Él le devolvió la mirada a Peláez, miró luego al coronel, vio cómo lo miraban los dos, comprendió que estaban intentando adivinar si el hombre que tenían delante podría ser un capitán comunista, calculó qué posibilidades tendrían de averiguarlo antes de que saliera de aquel despacho, recordó que el campo de Albatera era tan grande y estaba tan abarrotado que él mismo ni siquiera había llegado a encontrarse con su hermano y descubrió que lo que decían algunos presos era verdad. Los fachas estaban desbordados, tenían tantos prisioneros que no daban abasto, y ya no sabían qué hacer con ellos para quitarse el problema de encima. En su situación, aquellos rumores sólo significaban una cosa. Si aguantaba, con un poco de suerte, acabarían mandándole a Madrid para que se identificase por sus propios medios.
—Yo no soy comunista, señor —añadió entonces, lloriqueando como un niño asustado—. Yo no soy nada, se lo juro, nunca he sido de ningún partido...
Cuando el coronel le comunicó que lo más probable era que le enviaran a Madrid en el próximo tren con plazas libres, y que al llegar allí tendría que presentarse en la caja de reclutamiento que le correspondiera con testigos o documentos aptos para establecer su identidad, le sonrió, le dio las gracias. Me va a identificar a mí tu puta madre, iba pensando cuando salió de aquella oficina.
No se había alejado ni cien metros cuando se acordó de que era rubio, alto, un español raro. Su aspecto físico compensaba la ventaja de su nombre, le convertía en alguien fácil de recordar en una masa homogénea donde Roque, sin ir más lejos, pasaba felizmente desapercibido. Entonces, durante un instante, tuvo miedo, pero duró sólo un instante. No necesitó más para comprender que aquel carcelero socialista que se llamaba Rogelio le había salvado la vida dos veces, porque si hubiera llegado a ingresar en la cárcel y lo hubieran soltado después, en el último momento, como hicieron con la mayoría, su descripción física, estatura, complexión, color del pelo, de los ojos, habría estado registrada en alguno de los archivadores de Peláez. Los últimos carceleros republicanos de Madrid no se habían tomado la molestia de destruir los registros de los presos comunistas de marzo del 39. Eso también se lo habían regalado a Franco, y los franquistas no habían tardado ni dos días en volver a tenerlos a todos dentro. A saber cuántos seguirán vivos, pensó Ignacio, y sintió casi vergüenza por haber cedido a la debilidad de tener miedo. Y además, ¿qué?, se dijo. Él no tenía nada que perder. Ya lo había perdido todo, y sin embargo empezó a planear su fuga con la ayuda de Roque en el mismo instante en que se reunieron.

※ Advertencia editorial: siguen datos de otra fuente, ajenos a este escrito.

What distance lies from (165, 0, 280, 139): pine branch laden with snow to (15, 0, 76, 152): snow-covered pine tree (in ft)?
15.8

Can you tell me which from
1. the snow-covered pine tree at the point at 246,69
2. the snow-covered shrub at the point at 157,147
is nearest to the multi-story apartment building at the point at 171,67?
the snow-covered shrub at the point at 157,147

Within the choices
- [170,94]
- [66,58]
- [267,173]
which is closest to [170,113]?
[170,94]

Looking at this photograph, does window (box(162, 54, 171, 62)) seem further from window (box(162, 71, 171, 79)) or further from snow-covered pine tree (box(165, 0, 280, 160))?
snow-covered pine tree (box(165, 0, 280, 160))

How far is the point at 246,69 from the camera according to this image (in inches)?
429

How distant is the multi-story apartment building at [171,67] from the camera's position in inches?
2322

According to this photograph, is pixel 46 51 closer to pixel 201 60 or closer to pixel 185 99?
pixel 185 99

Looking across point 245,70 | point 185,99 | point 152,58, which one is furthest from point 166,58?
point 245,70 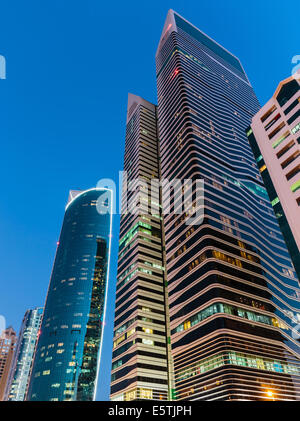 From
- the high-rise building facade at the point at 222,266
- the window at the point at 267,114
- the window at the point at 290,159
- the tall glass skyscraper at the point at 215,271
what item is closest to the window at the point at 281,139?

—Es imposible —Rufino, camarada, catalán y ferroviario, rozando una edad suficiente para ser su padre, empezó a negar con la cabeza antes de darle tiempo a terminar de explicarse—. No puedes tirarte de un tren así como así. Te vas a matar.
—Prefiero matarme yo a que me maten éstos.
—Eso está bien visto, ¿ves? —Roque se quedó mirando a Ignacio con admiración—. Eso está muy bien visto...
La idea le gustó desde el principio. Llegó a gustarle tanto que, cuando le llamaron, se arriesgó a declarar con una identidad falsa, la de un soldado de Ignacio, un recluta de su edad que podría estar muerto o vivo, en la cárcel o en el mismo campo de Albatera. Era muy peligroso y lo sabía, pero él se llamaba Roque Ansó Ansó, era del pueblo de al lado, allí no eran ni trescientos vecinos, todos primos, los fachas también, y no le iban a librar ni la paz ni la caridad. Le libró la suerte, y no una, sino varias veces.